What the task asks
Exact copy, no pictures: repeat the data that follows.

Data
((
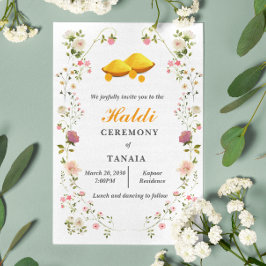 Invitación Ceremonia de Haldi, simple Boda indio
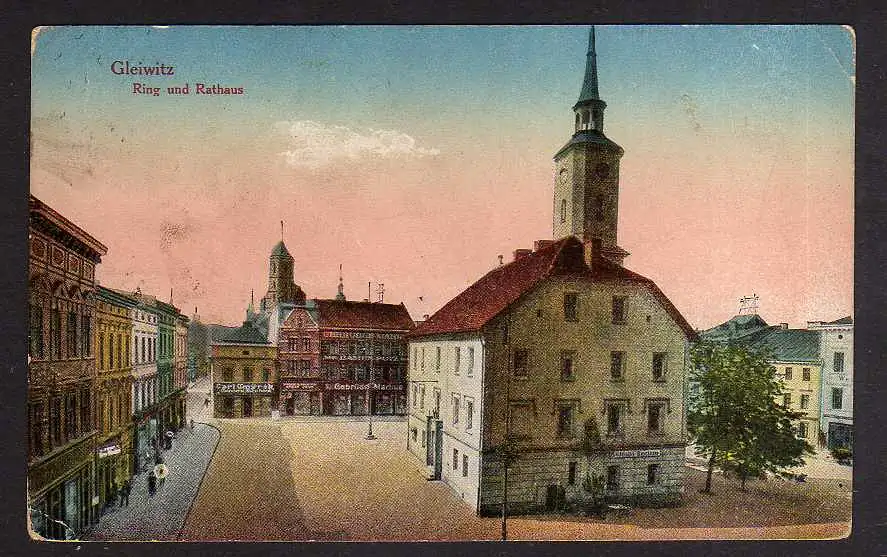 91721 AK Gleiwitz Ring Rathaus 1921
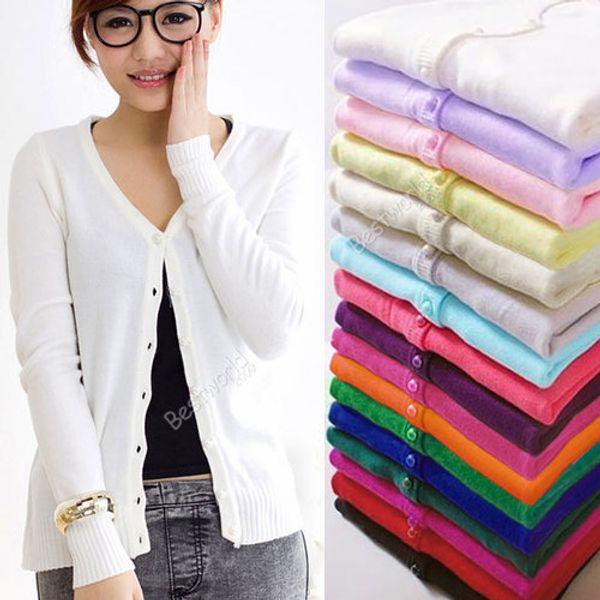 

wholesale-2016 new autumn winter women ladies knitted jacket cardigan feminino outwear casual long sleeve sweater 17 colors z1, White;black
))
Exercise output
 Invitación Ceremonia de Haldi, simple Boda indio
 91721 AK Gleiwitz Ring Rathaus 1921

wholesale-2016 new autumn winter women ladies knitted jacket cardigan feminino outwear casual long sleeve sweater 17 colors z1, White;black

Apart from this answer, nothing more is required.